The topic name to which messages are published is defined by the topic configuration parameter. The parameter specifies a string that is a format specifier similar to a printf() format string. If the topic is not specified, it defaults to “%S” which is the format specifier for the set schema name.

The ‘%’ character introduces a format specifier that will be substituted in the topic format string to create the topic name. The format specifiers are as follows:

%F

The format in which the message is serialized: “json” or “avro”.

%S

The set parameter’s schema name.

%I

The instance name of the set, e.g. “orion-01/meminfo”.

%P

The set parameter’s producer name, e.g. “orion-01.”

%u

The user-name string for the owner of the set. If the user-name is not known on the system, the user-id is used.

%U

The user-id (uid_t) for the owner of the set.

%g

The group-name string for the group of the set. If the group-name is not known on the system, the group-id is used.

%G

The group-id (gid_t) for the group of the set.

%a

The access/permission bits for the set formatted as a string, e.g. “-rw-rw—-“.

%A

The access/permission bits for the set formatted as an octal number, e.g. 0440.

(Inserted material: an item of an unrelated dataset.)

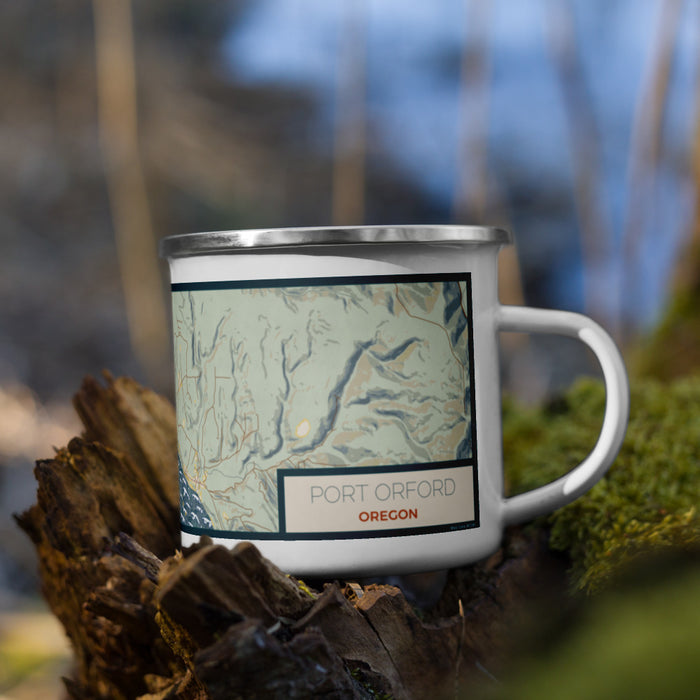 Right View Custom Port Orford Oregon Map Enamel Mug in Woodblock on Grass With Trees in Background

Note that a topic name must only consist of a combination of the characters [a-zA-Z0-9\._\-]. In order to ensure that the format specifier above will not produce invalid topic names, any character that results from a format specifier substitution that is not in the valid list will be substituted with a ‘.’.

STRGP

The avro_kafka_store is used with a storage policy that specifies avro_kafka_store as the plugin parameter.

The schema, instance, producer and flush strgp_add parameters have no affect on how data is stored. If the container parameter is set to any value other than an empty string, it will override the bootstrap.servers Kafka configuration parameter in the kafka_conf file if present.

JSON Mode

JSON mode encodes messages as self describing text objects. Each message is a JSON dictionary based on the following template: RS 4

{
        "<attr-name-1>" : <attr-value-1>,
        "<attr-name-2>" : <attr-value-2>,
        ...
}

Each row in the decomposition is encoded as shown. The attr-value types are mapped to either quoted strings, floating-point, or integers as defined by the source metric type in the LDMS metric set. The mapping is as follows:

Metric Type

Format Specifier

Description

LDMS_V_TIMESTAMP

%u.%06u

Floating point number in seconds

LDMS_V_U8

%hhu

Unsigned integer

LDMS_V_S8

%hhd

Signed integer

LDMS_V_U16

%hu

Unsigned integer

LDMS_V_S16

%hd

Signed integer

LDMS_V_U32

%u

Unsigned integer

LDMS_V_S32

%d

Signed integer

LDMS_V_U64

%lu

Unsigned integer

LDMS_V_S64

%ld

Signed integer

LDMS_V_FLOAT

%.9g

Floating point

LDMS_V_DOUBLE

%.17g

Floating point

LDMS_V_STRING

“%s”

Double quoted string

LDMS_V_ARRAY_xxx

[ v0, v1, … ]

Comma separated value list surrounding by ‘[]’

Example JSON Object

{“timestamp”:1679682808.001751,”component_id”:8,”dev_name”:”veth1709f8b”,”rx_packets”:0,”rx_err_packets”:0,”rx_drop_packets”:0,”tx_packets”:858,”tx_err_packets”:0,”tx_drop_packets”:0}

Avro Mode

In Avro mode, LDMS metric set values are first converted to Avro values. The table below describes how each LDMS metric set value is represented by an Avro value.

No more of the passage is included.